H.S. - Czyli w dalszym ciągu jeszcze na nie. .

M.B. .- Znaczy na tyle na nie, że jakby to powiedzieć, ten kontrakt jest trzymiesięczny, a więc premier to jakoś rozkłada w czasie. My nie kwestionujemy tego, rozumiemy, że to wymaga pewnego czasu, ale uczciwie rzecz biorąc, stopień realizacji tych kilkunastu kwestii, które tam zostały wymienione, jest niski.
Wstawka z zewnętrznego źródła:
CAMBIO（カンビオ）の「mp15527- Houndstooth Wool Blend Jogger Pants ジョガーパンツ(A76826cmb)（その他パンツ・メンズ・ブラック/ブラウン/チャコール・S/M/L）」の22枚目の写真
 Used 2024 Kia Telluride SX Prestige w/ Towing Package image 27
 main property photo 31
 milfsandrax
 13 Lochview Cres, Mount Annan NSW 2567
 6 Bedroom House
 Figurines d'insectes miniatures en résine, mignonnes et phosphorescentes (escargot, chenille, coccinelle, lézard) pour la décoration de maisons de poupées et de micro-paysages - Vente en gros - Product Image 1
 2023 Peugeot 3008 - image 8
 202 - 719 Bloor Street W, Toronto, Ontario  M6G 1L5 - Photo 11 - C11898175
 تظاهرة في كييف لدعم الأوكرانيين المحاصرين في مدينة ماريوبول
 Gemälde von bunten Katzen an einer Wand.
W.M. - Józef Oleksy, Włodzimierz Cimoszewicz, Jerzy Szmajdziński, Marek Belka, Marek Borowski - kto jest pana zdaniem najlepszym kandydatem lewicy na prezydenta? .

M.B.. - Oczywiście, nie odpowiem panu na tak postawione pytanie z dwóch powodów. Po pierwsze dlatego, że do wyborów prezydenckich mamy jeszcze ponad rok, więc o tym, który z kandydatów jest najlepszy, to jeszcze trzeba zdefiniować, co to znaczy. Czy ten, który ma największe szanse...

W.M. - Myślałem, że pan powie: ja po prostu. .

M.B..- Panie redaktorze, tu przepraszam, że odwołam się do naszej długoletniej znajomości, trochę mnie pan zna i chyba się pan jednak nie spodziewał, że odpowiem: ja. Otóż przede wszystkim lewica musi się odnieść, musi przekonać elektorat lewicowy i centrolewicowy do siebie, przekonać i doprowadzić do tego, że ludzie powiedzą: no dobrze, rzeczywiście był okres zły w życiu lewicy, ale mamy to za sobą. I wtedy kandydat lewicowy czy centrolewicowy jest kandydatem, który i ma pewne szanse, i ma szanse mobilizować opinię publiczną. I wtedy dopiero szukamy takiego kandydata, który zrobi to najlepiej.

W.M. - Marek Borowski, przewodniczący Socjaldemokracji Polskiej, w Sygnałach Dnia. Dziękujemy za rozmowę. .

M.B..- Dziękuję bardzo.

Rozmawiali: Wiesław Molak i Henryk Szrubarz.